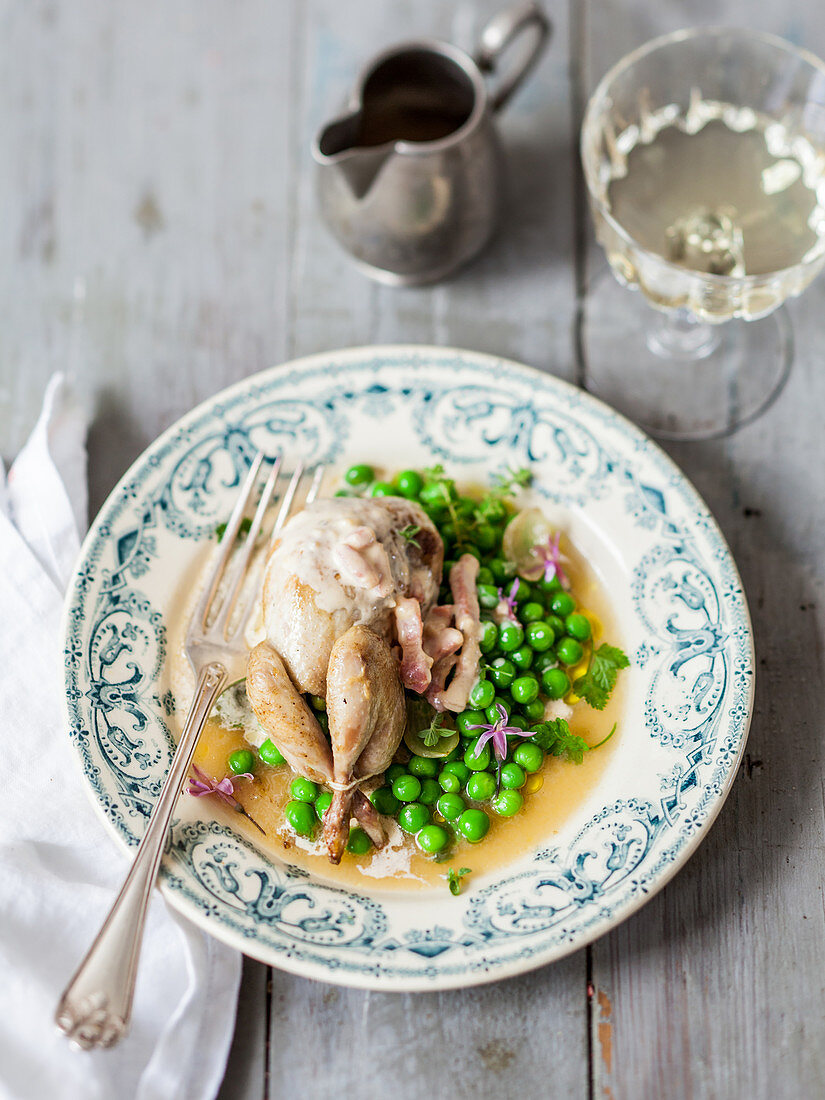 Quail with peas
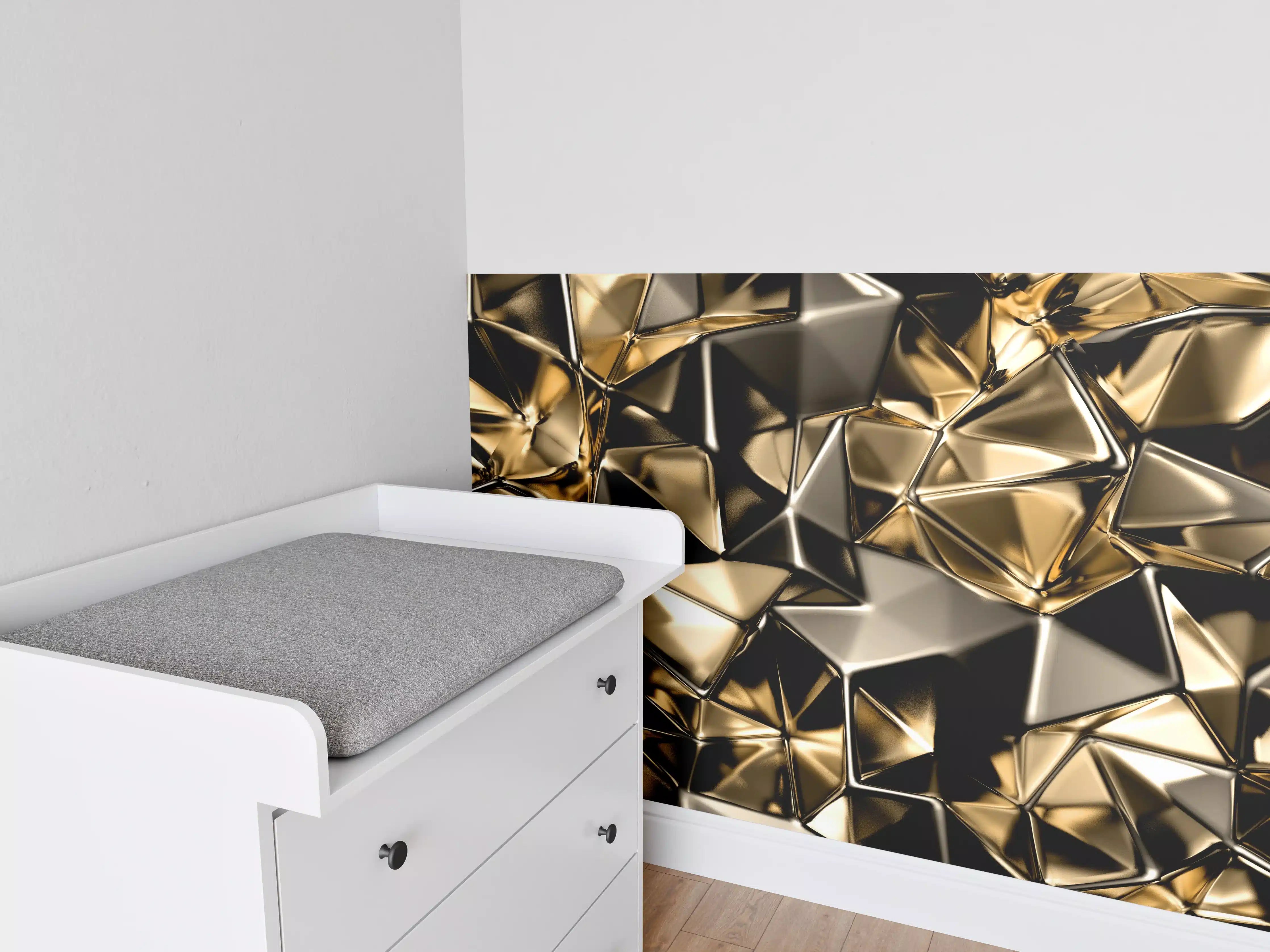 Babyzimmer Wandgestaltung - Goldenes Dreieck-Kristall-Design
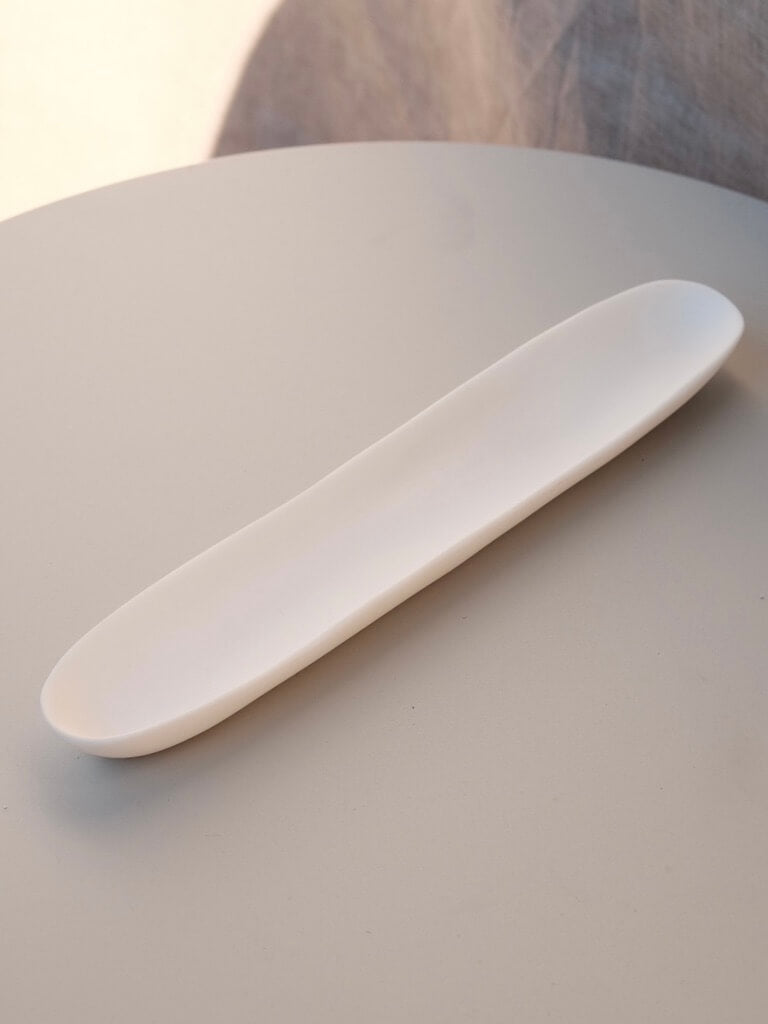 White Sculpt Olive Dish by Tina Frey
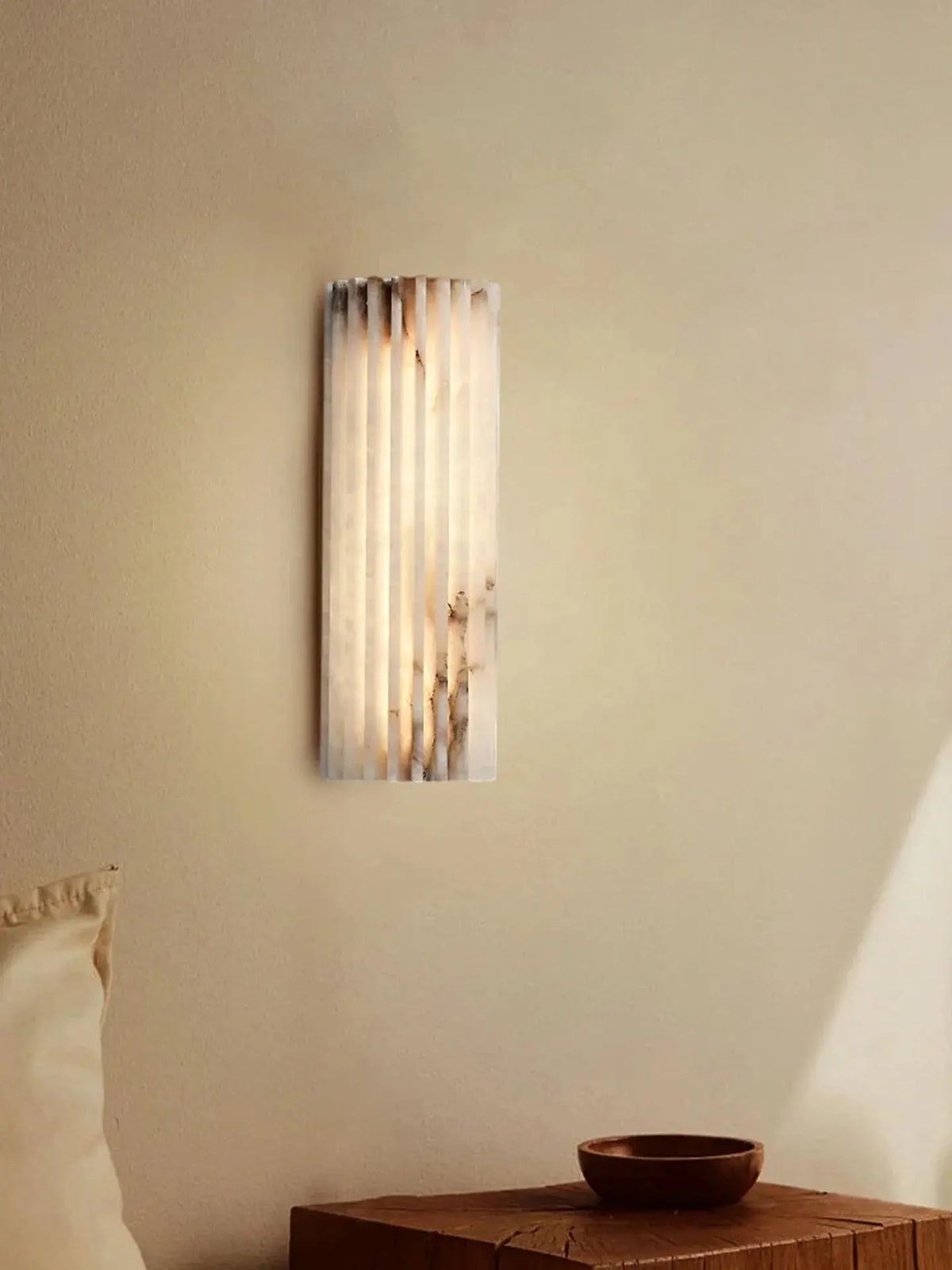Rula Collection | Wall Light Sconce with Integrated LED & Dimmable Feature | Sculptural Alabaster Design for Warm Ambient Lighting 6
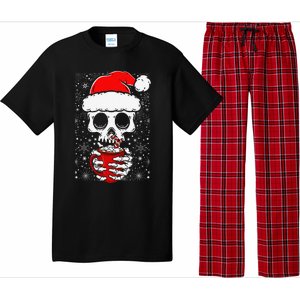 Christmas Skeleton Drinks Cocoa Santa Claus Skeleton Pajama Set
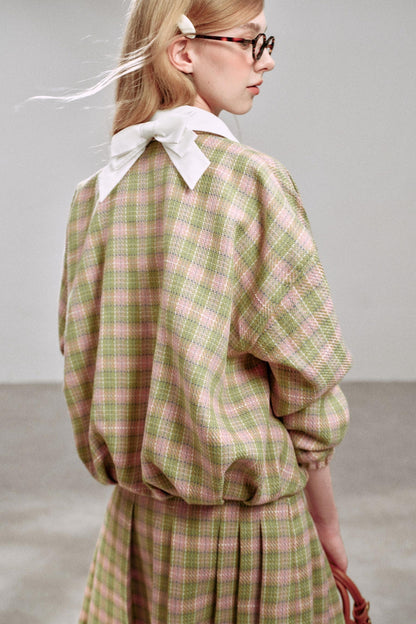 Plaid Irregular Pleated Skirt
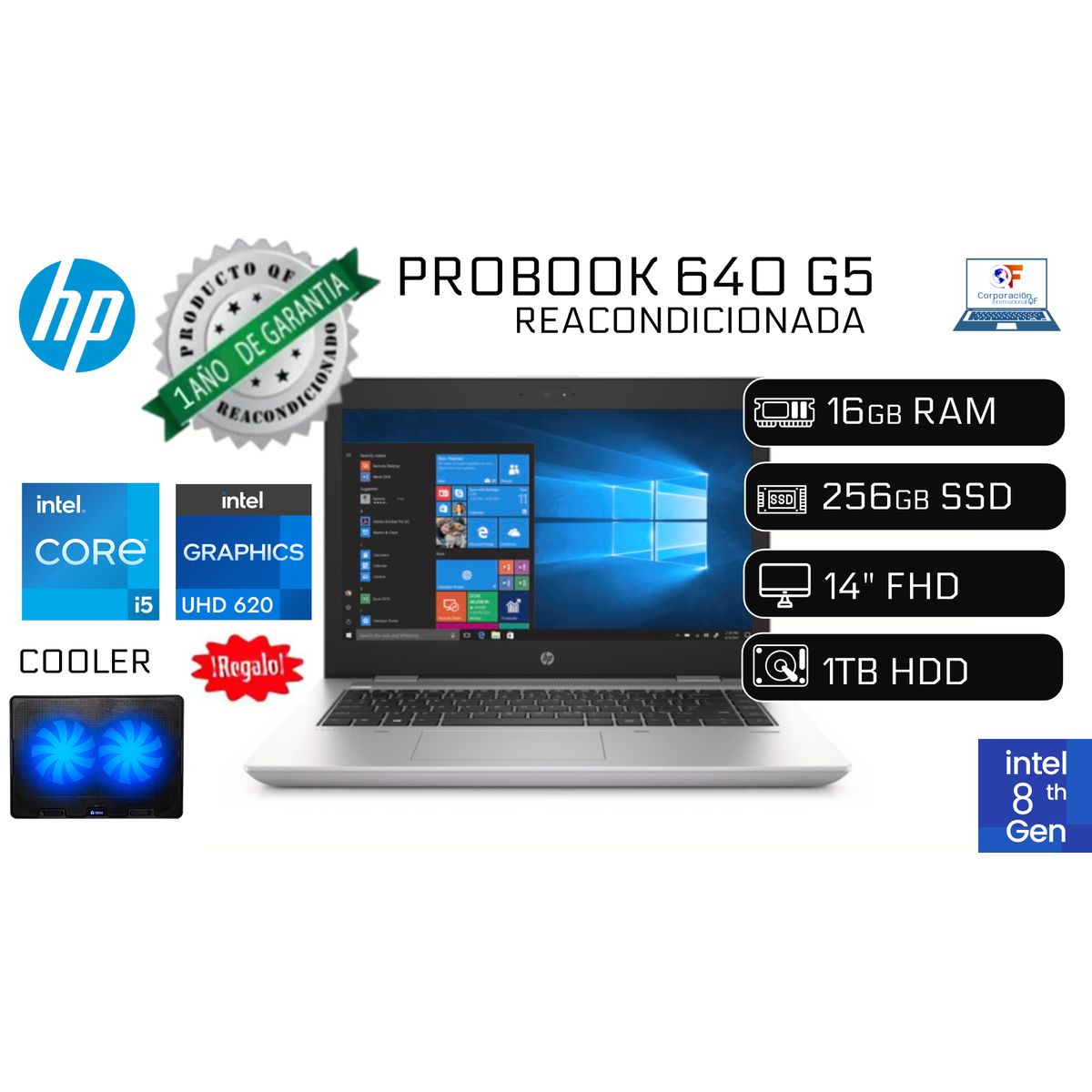 HP - Laptop Hp ProBook 640 G5 i5-8365U 16GB RAM 256GB SSD 1TB HDD Reacondicionado 1 Año Garantía + COOLER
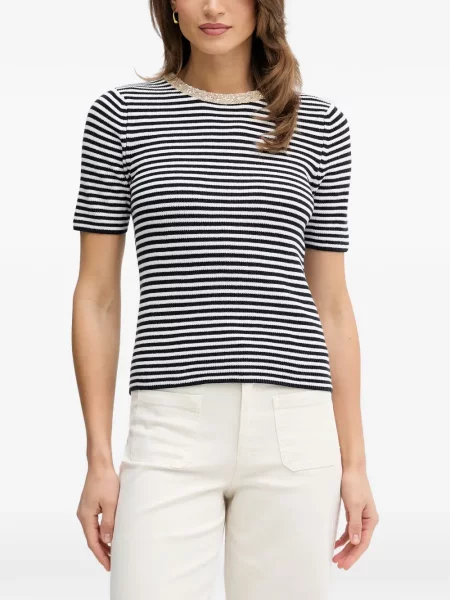 Tricou Oui cu dungi negru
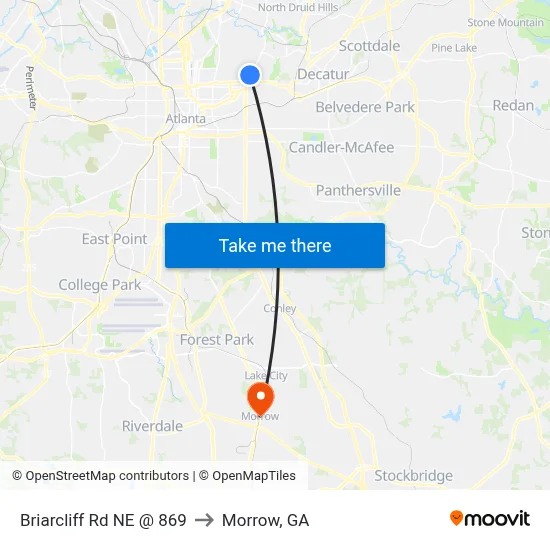 Briarcliff Rd NE @ 869 to Morrow, GA map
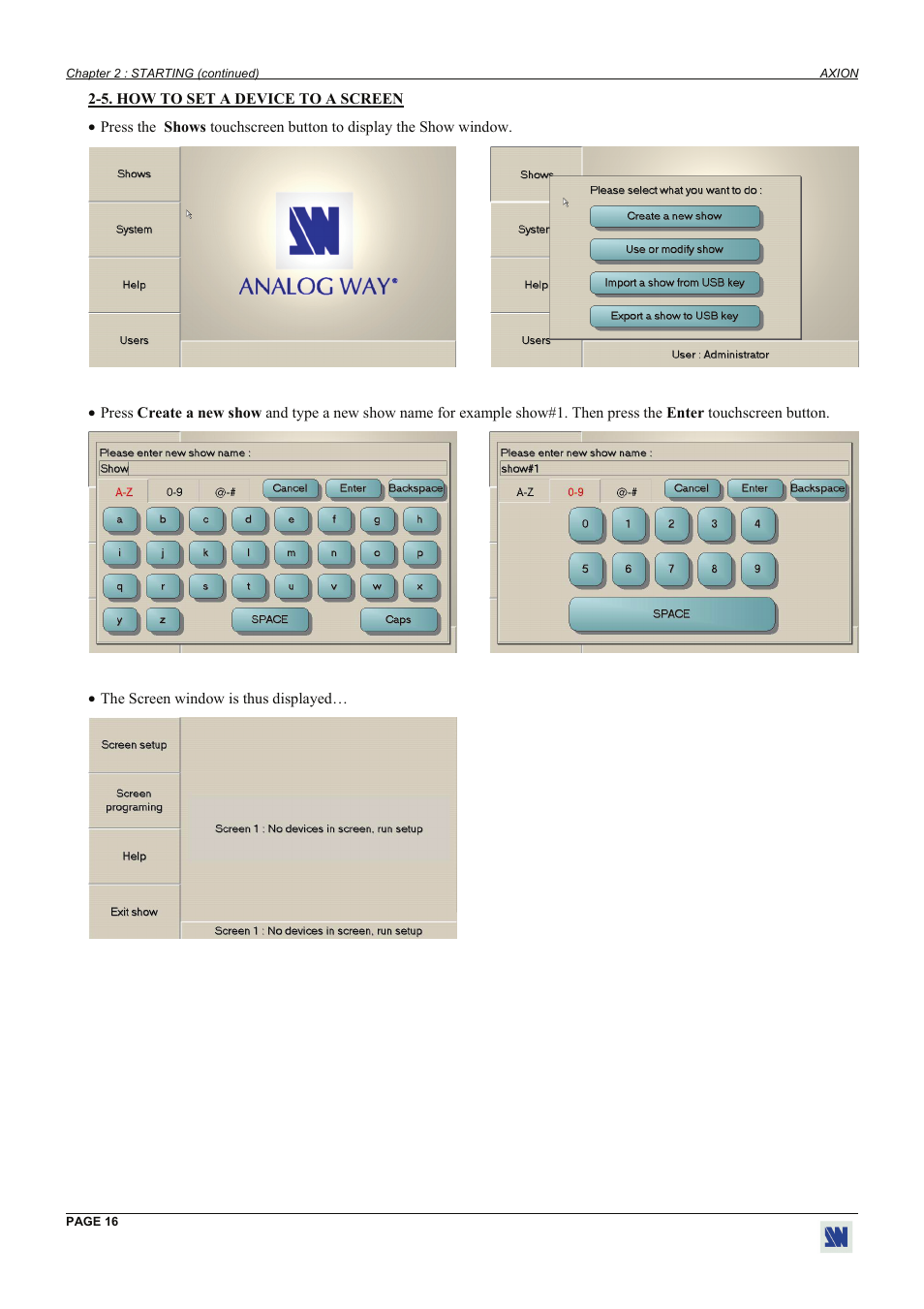 Analog Way Axion - ARC100 User Manual | Page 16 / 29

● **Task objective**
What is needed is an exact transcription of the lines from the one containing "Tricou Oui cu dungi negru" through the last line of the records above, both included, with no pictures.

● **Task solution**
 Tricou Oui cu dungi negru
 Briarcliff Rd NE @ 869 to Morrow, GA map
 Analog Way Axion - ARC100 User Manual | Page 16 / 29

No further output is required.